I like to keep my posts targeted at more obscure topics (at least that's my excuse for not posting more often), and this one is no exception.

We have started the process of integrating several disparate companies as part of a corporate acquisition. We chose a location similar to the corporate HQ for the first migration, believing that it would be the easiest location to roll over.

We proceeded to migrate this location...

Sure there were some bumps and headaches along the way, but everything had a straightforward solution. The kind of issues that you figure out by using the right combination of experience, tools, and kb searches.

Using Active Directory Migration Tool (ADMT) (as we have many times in the past), we started to migrate the workstations. The machines accepted the ADMT agent install, joined the new domain, and rebooted. Upon rebooting, the machines were not updating their Service Principal Names (SPN) in Active Directory (AD), or their A records in DNS. The event log on the migrated machines were throwing the following errors:


Error: 5788
Attempt to update HOST Service Principal Names (SPNs) of the computer object in Active Directory failed.

Error: 5789
Attempt to update DNS Host Name of the computer object in Active Directory failed. …


And as a result, the machines weren’t really a part of the target domain, which obviously caused all kinds of other issues.

Clearly a DNS issue, but all of the tools we’re reporting correct settings and behavior. A lot of digging later, a setting was found in the Group Policy of the source domain that proved to be the issue. It was the “Primary DNS Suffix” policy pointing to the source domain instead of the target.

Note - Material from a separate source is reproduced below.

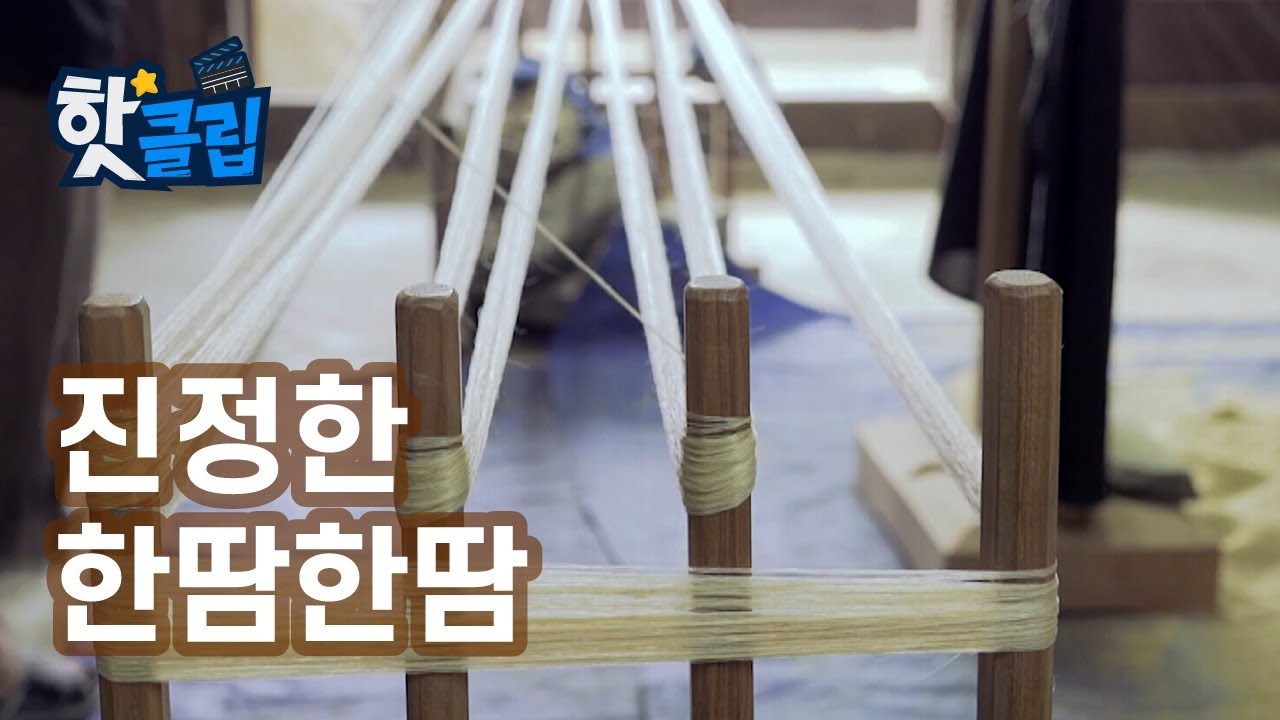 시원함을 자랑하는 모시 제작 과정 [핫클립] / YTN 사이언스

As the title says, beware of the Group Policy DNS settings, especially “Computer Configuration\Administrative Templates\Network\Dns Client”.

It turns out that these settings take precedence over all of the information supplied in your interfaces, DHCP settings, etc. Even worse than that, these settings do not show up in the output of any of the tools we’ve come to rely on (ipconfig, netsh, Powershell, etc).

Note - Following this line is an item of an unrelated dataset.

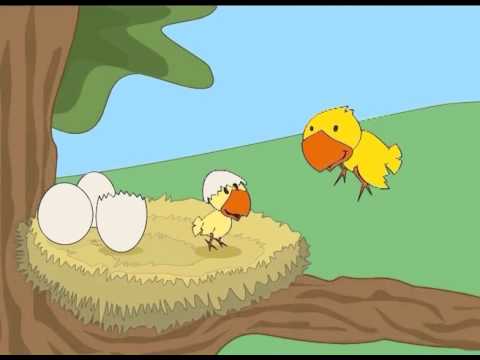 As Músicas da Carochinha Vol.3 - O Coelhinho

While this certainly will impact anyone performing migrations, it also has a much wider scope of interference.

I hope this saves someone the time we wasted.

Here is a Microsoft KB that actually has the Group Policy issue noted at the end of the article: http://support.microsoft.com/kb/258503

 

3 Comments

  • Good day! This post couldn't be written any better! Reading this post reminds me of my good old room mate! He always kept chatting about this. I will forward this article to him. Pretty sure he will have a good read. Many thanks for sharing!

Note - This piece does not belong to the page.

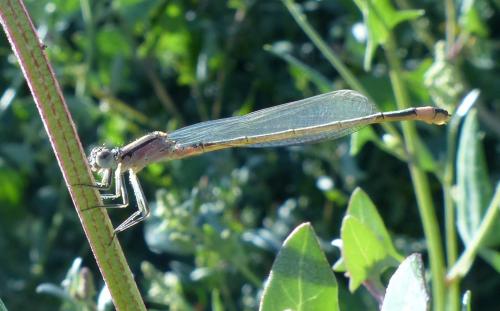 Ischnura elegans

  • When I initially commented I clicked the "Notify me when new comments are added" checkbox and now each time a comment is added I get four emails with the same comment. Is there any way you can remove people from that service? Appreciate it!

  • Hey there! Do you use Twitter? I'd like to follow you if that would be okay. I'm absolutely enjoying your
    blog and look forward to new posts.

Comments have been disabled for this content.